▶ **Exercise requirements**
Would you please output all the records exactly as given? Pictures should not appear in the copy.

Captioned web image data:
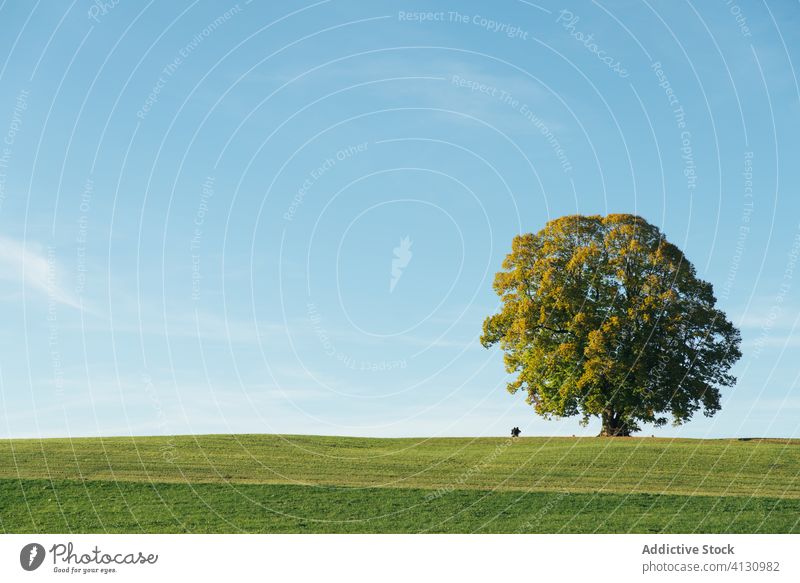 Blühender Baum auf der grünen Wiese in der Landschaft Feld hell Natur Blauer Himmel Blütezeit pulsierend einsam Umwelt Pflanze Sommer Frühling Wachstum Flora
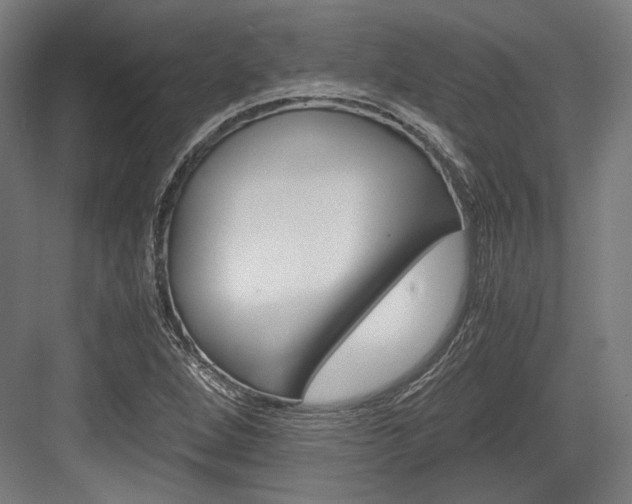X0000084001264200702160747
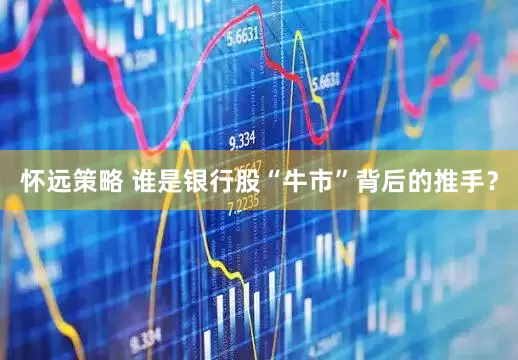 怀远策略 谁是银行股“牛市”背后的推手？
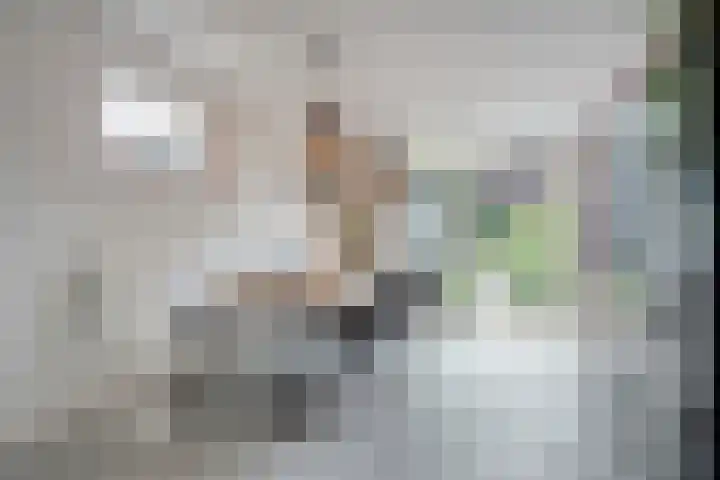 Van Haeringenstraat 53 Dedemsvaart thumbnail 23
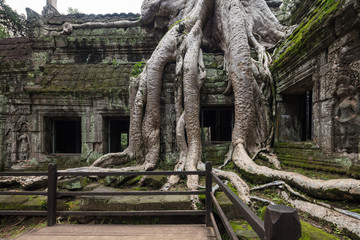 Fototapeta premium The famous Strangler fig tree growing on the ruins of Ta Prohm temple, Siem Reap, Cambodia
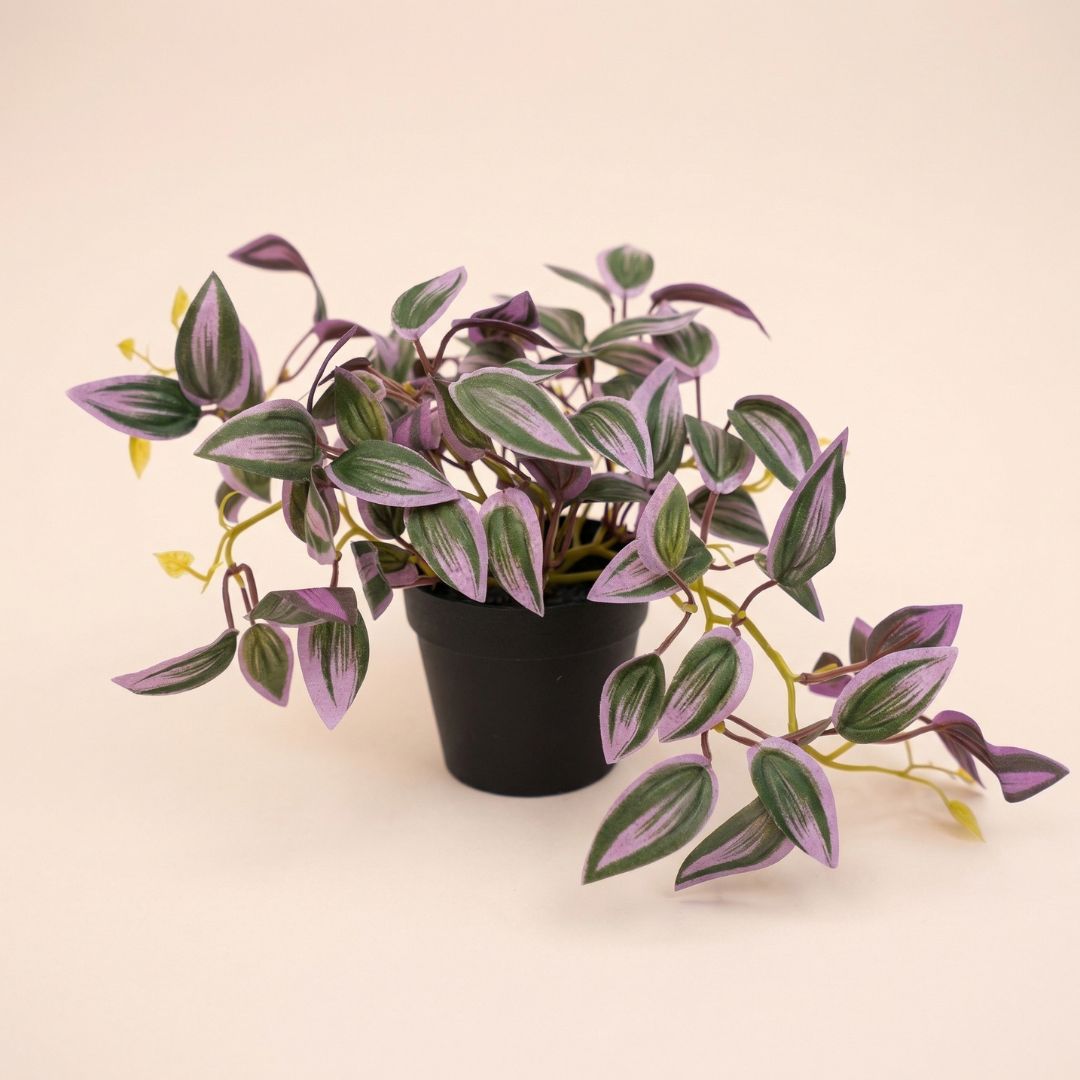 Tradescantia - Hanging Plant In Pot - Artificial Plant - Green/Purple - ↑ 19 Cm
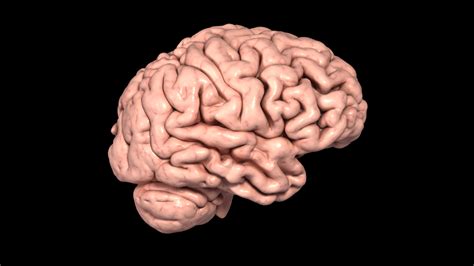 Image result for Brain Machine Learning Vector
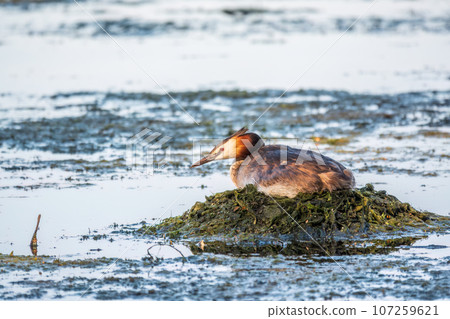 Great Crested Grebe, Podiceps cristatus, water bird sitting on the nest, nesting time on the green lake Great Crested Grebe, Podiceps cristatus, water bird sitting on the nest, nesting time on the green lake 107259621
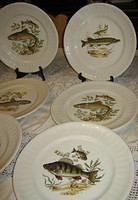 6 db  hal mintás tányér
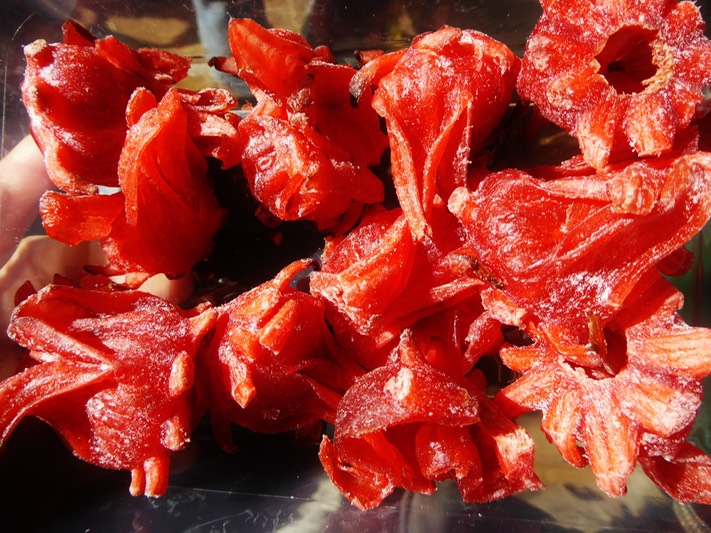 Hibiscus sabdariffa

▶ **Exercise answer**
 Blühender Baum auf der grünen Wiese in der Landschaft Feld hell Natur Blauer Himmel Blütezeit pulsierend einsam Umwelt Pflanze Sommer Frühling Wachstum Flora
X0000084001264200702160747
 怀远策略 谁是银行股“牛市”背后的推手？
 Van Haeringenstraat 53 Dedemsvaart thumbnail 23
 Fototapeta premium The famous Strangler fig tree growing on the ruins of Ta Prohm temple, Siem Reap, Cambodia
 Tradescantia - Hanging Plant In Pot - Artificial Plant - Green/Purple - ↑ 19 Cm
 Image result for Brain Machine Learning Vector
 Great Crested Grebe, Podiceps cristatus, water bird sitting on the nest, nesting time on the green lake Great Crested Grebe, Podiceps cristatus, water bird sitting on the nest, nesting time on the green lake 107259621
 6 db  hal mintás tányér
 Hibiscus sabdariffa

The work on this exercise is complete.